EMR Bootstrapping Cookbook

Bootstrapping allows you to run commands to customize EMR machines, at the time the cluster is created.

When to use bootstrap, and when to use setup

You can use bootstrap and setup together.

Generally, you want to use bootstrap for things that are part of your general production environment, and setup for things that are specific to your particular job. This makes things work as expected if you are using Cluster Pooling.

EMR will generally not allow you to use sudo in setup commands. See Job Environment Setup Cookbook for how to install libraries, etc. without using sudo.

Installing Python packages with pip

The only tricky thing is making sure you install packages for the correct version of Python.
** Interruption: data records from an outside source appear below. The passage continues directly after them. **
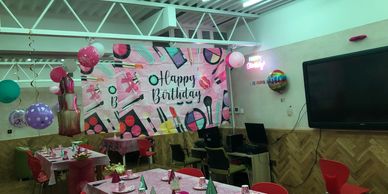 A colorful birthday party setup with decorations and party hats.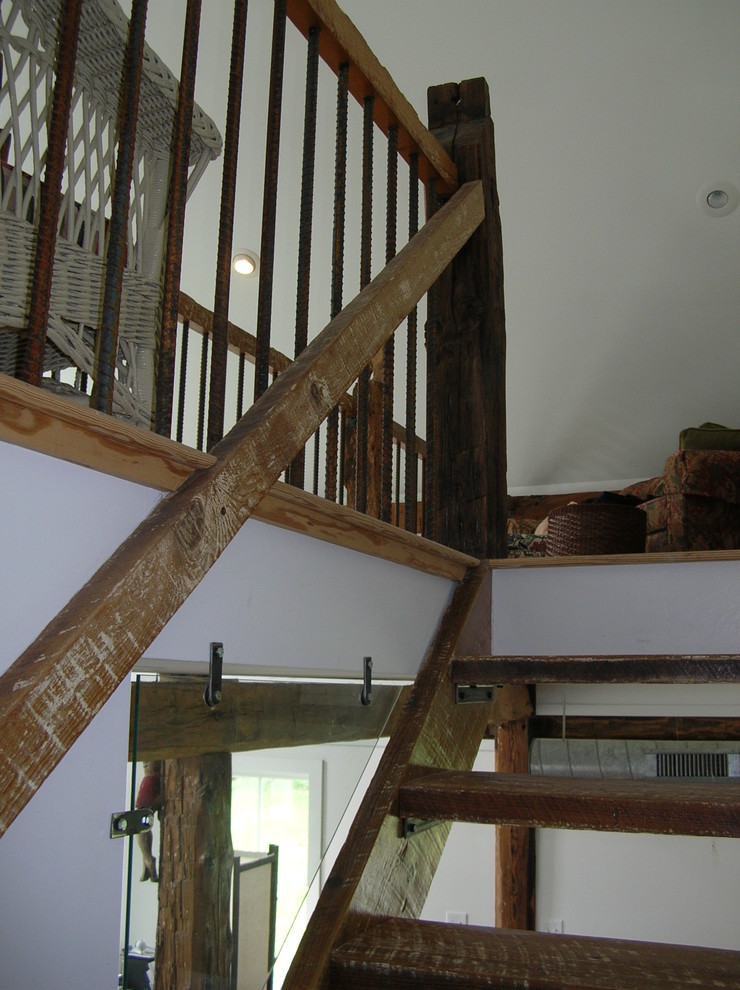 Mid-sized mountain style wooden floating open staircase photo in Boston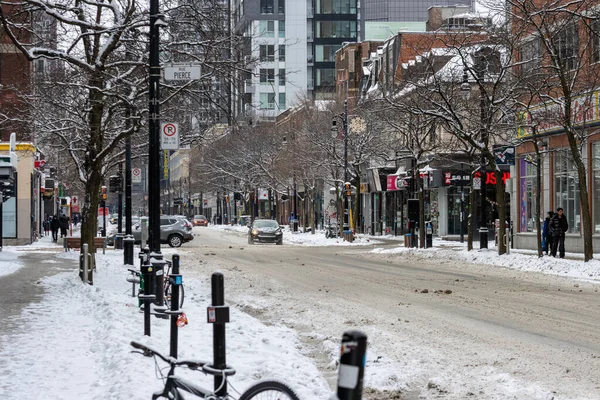 Kanada, Montreal, 25 Aralık 2025: Park halindeki bisikletli, yürüyen, binaları olan karlı şehir sokağı.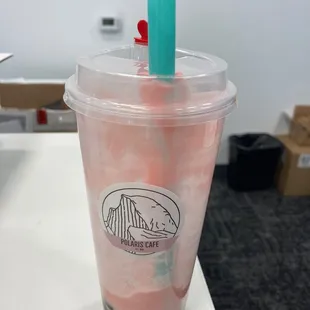 An almost finished white grape, oolong tea with strawberry cream with boba, no ice.  Grape not overpowering.  Bobas on more soft chewy side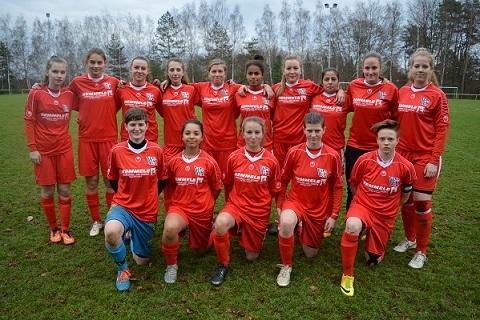 Gruppe von 15 Frauen in roten Fu&szlig;balltrikots auf einem Rasenplatz, l&auml;chelnd und in zwei Reihen aufgestellt.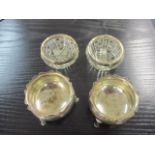 Two pairs of salts, one pair having a silver rim above cut glass and the other solid silver 79.3g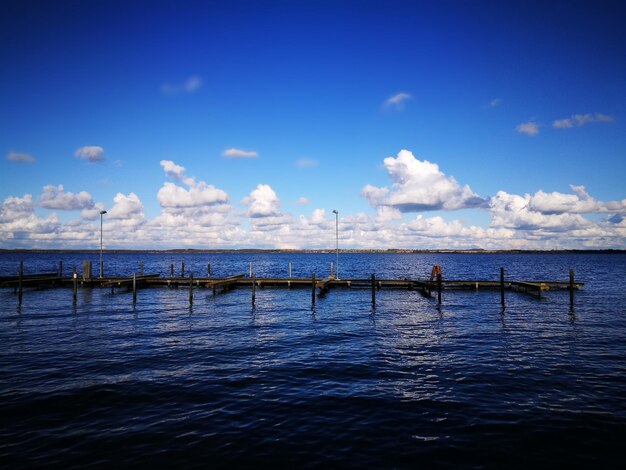 Scenic view of sea against blue sky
Figure out which version of Python you’ll be running on EMR (see python_bin for defaults).

  • If it’s Python 2, use pip-2.7 (just plain pip also works on AMI 4.3.0 and later)
  • If it’s Python 3, use pip-3.6 on AMI 5.20.0+, and pip-3.4 for earlier AMIs

For example, to install ujson on Python 2:

runners:
  emr:
    bootstrap:
    - sudo pip-2.7 install ujson

See PyPI for a the full list of available Python packages.

You can also install packages from a requirements file:

runners:
  emr:
    bootstrap:
    - sudo pip-2.7 install -r /local/path/of/requirements.txt#

Or a tarball:

runners:
  emr:
    bootstrap:
    - sudo pip-2.7 install /local/path/of/tarball.tar.gz#

Warning

If you’re trying to run jobs on AMI version 3.0.0 (protip: don’t do that) pip appears not to work due to out-of-date SSL certificate information.

Installing PyPy

First, download the version of PyPy you want to use from Portable PyPy Distributions for Linux.
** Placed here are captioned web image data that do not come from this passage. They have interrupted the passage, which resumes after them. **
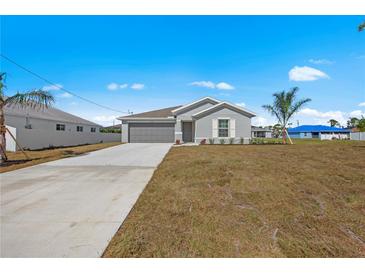 Charming single-story home with gray exterior, two-car garage and a well-maintained lawn at 23343 Van Buren Ave, Port Charlotte, FL 33981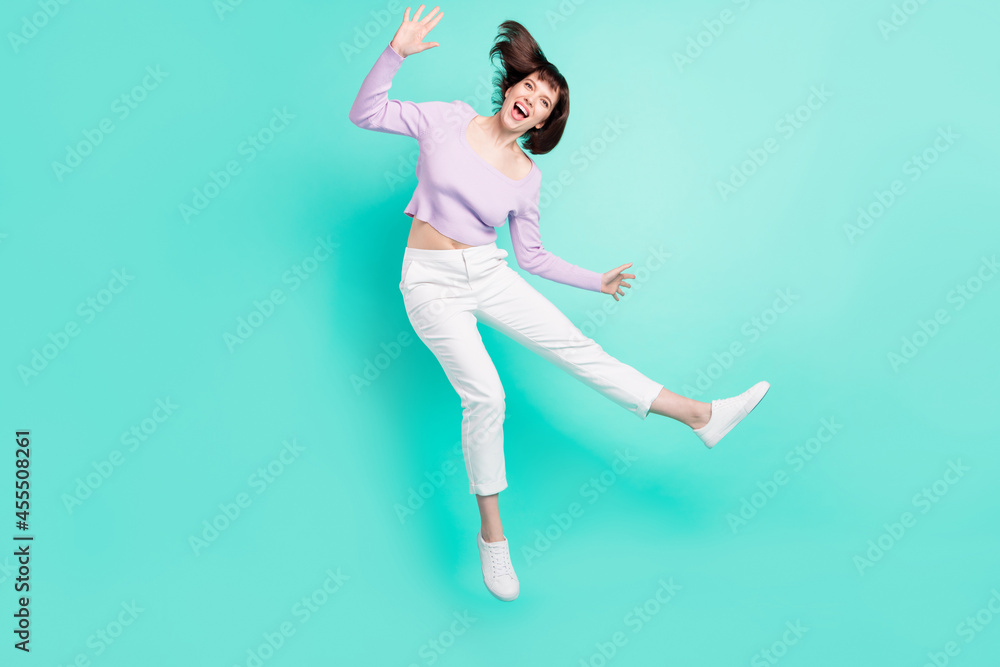 Full length body size photo woman childish careless jumping up isolated bright teal color background Full length body size photo woman childish careless jumping up isolated bright teal color background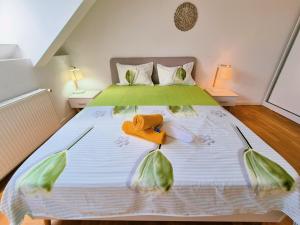 a bedroom with a bed with two towels on it at Bucharest Central DD Apartment in Bucharest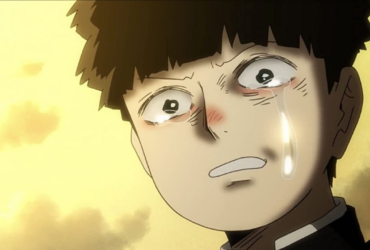 Close no rosto de Mob, personagem de Mob Psycho 100, com lágrimas escorrendo e expressão de dor e vulnerabilidade, em um fundo iluminado em tons amarelos.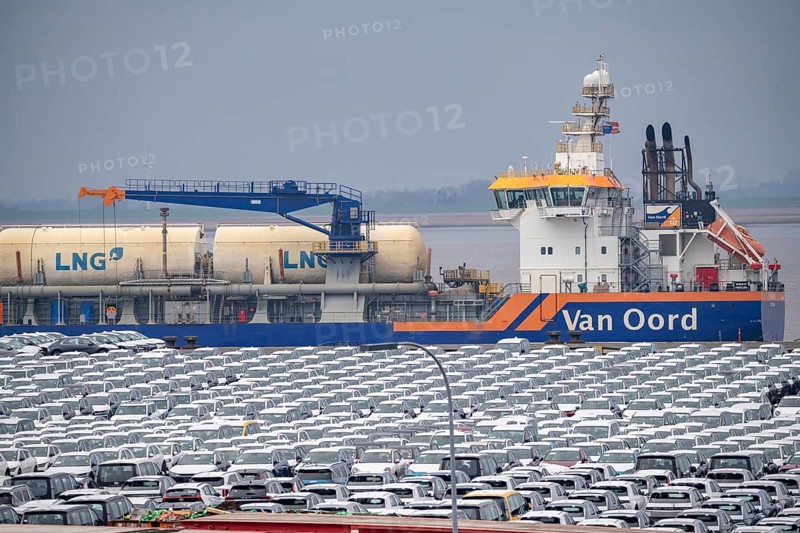 Parking space for import vehicles, hundreds of Hyundai Ioniq, electric cars, waiting for onward transport, behind them, on the Weser, the dredger, the hopper dredger, suction dredger, Vox Ariane, which holds the tug to a certain depth, at the EUROGATE container terminal in the overseas port of Bremerhaven, Lower Saxony, Germany, Europe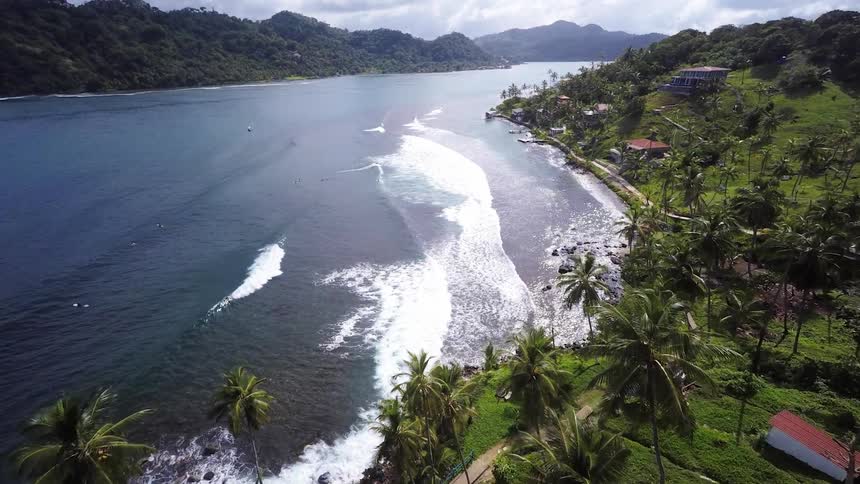 Waves crashing onto a lush, tropical beach surrounded by hills and a few homes on a sunny day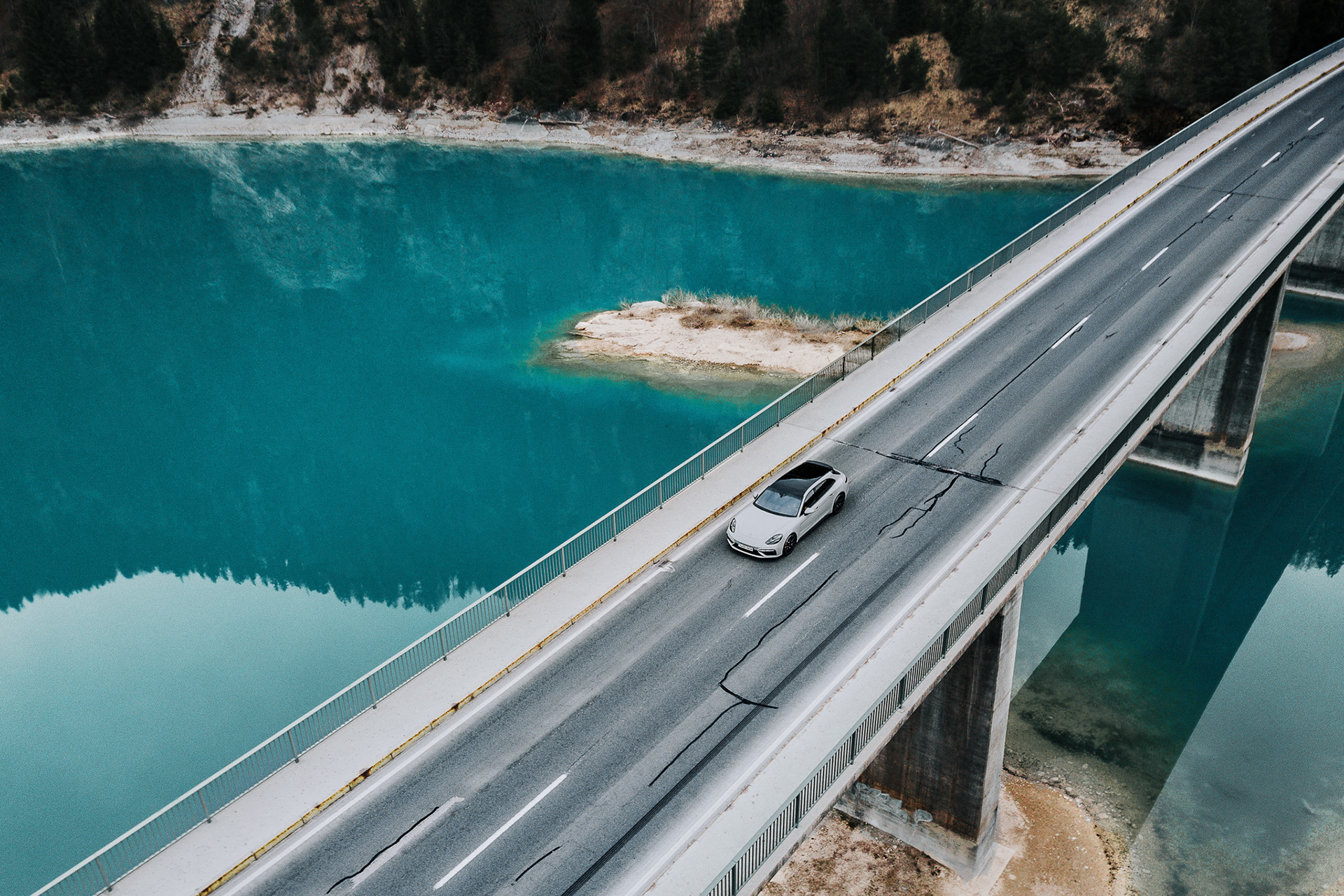 Sportlicher Porsche Panamera von oben fotografiert, während er durch eine malerische Landschaft fährt.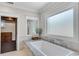 Bright bathroom featuring a soaking tub, frosted windows, and marble countertops at 212 Fernwood Pl, Woodstock, GA 30188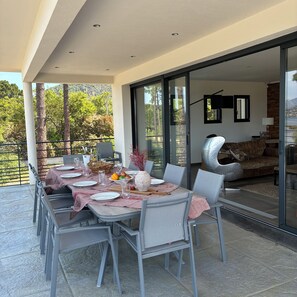Un espace de restauration en plein air avec une table dressée pour quatre personnes, entourée de chaises, et une vue sur l’intérieur à travers une porte vitrée.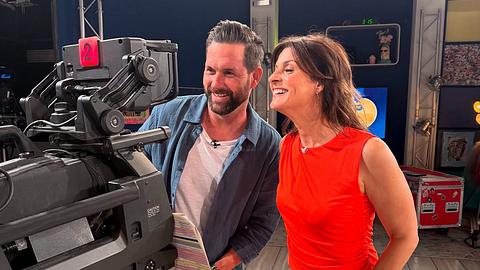 Matthias Killing und Marlene Lufen stehen während der „Sat.1-Frühstücksfernsehen“-Aufzeichnung am 4. Juni 2025 vor einer Kamera und grinsen. - Foto: Instagram.com/fruehstuecksfernsehen/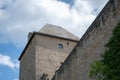 Low angle shot of a castle roof on a bright cloudy sky background Royalty Free Stock Photo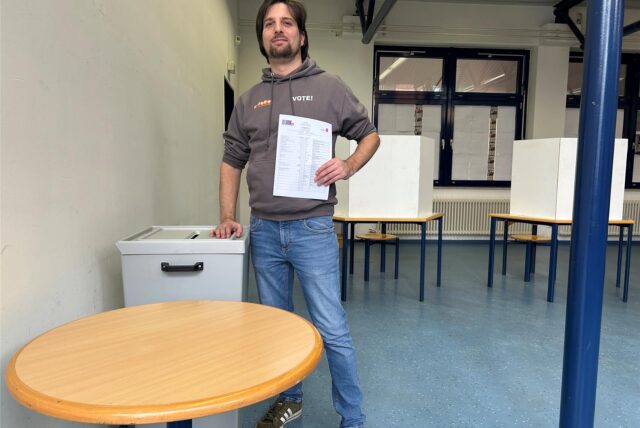 Ein Mann steht neben einer Wahlurne in einem Raum an der Gesamtschule in Waltrop. In seiner linken Hand hält er einen Wahlzettel und im Hintergrund sind Wahlkabinen aufgebaut.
Then instruct EMR to un-tar it and link to the binary in /usr/bin. For example:

runners:
  emr:
    bootstrap:
    - sudo tar xvfj /local/path/to/pypy-7.1.1-linux_x86_64-portable.tar.bz2# -C /opt
    - sudo ln -s /opt/pypy-7.1.1-linux_x86_64-portable/bin/pypy /usr/bin/pypy

Installing System Packages

EMR gives you access to a variety of different Amazon Machine Images, or AMIs for short (see image_version).

3.x and later AMIs

Starting with 3.0.0, EMR AMIs use Amazon Linux, which uses yum to install packages. For example, to install NumPy:

runners:
  emr:
    bootstrap:
    - sudo yum install -y python-numpy

(Don’t forget the -y!)

Amazon Linux’s Python packages generally only work for Python 2. If you’re on Python 3, just use pip.

The most recent list of Amazon linux packages can be found here (click on “Packages List” in the left sidebar).

2.x AMIs

Probably not worth the trouble. The 2.x AMIs are based on a version of Debian that is so old it has been “archived,” which makes their package installer, apt-get, no longer work out-of-the-box. Moreover, Python system packages work for Python 2.6, not 2.7.

Instead, just use pip-2.7 to install Python libraries.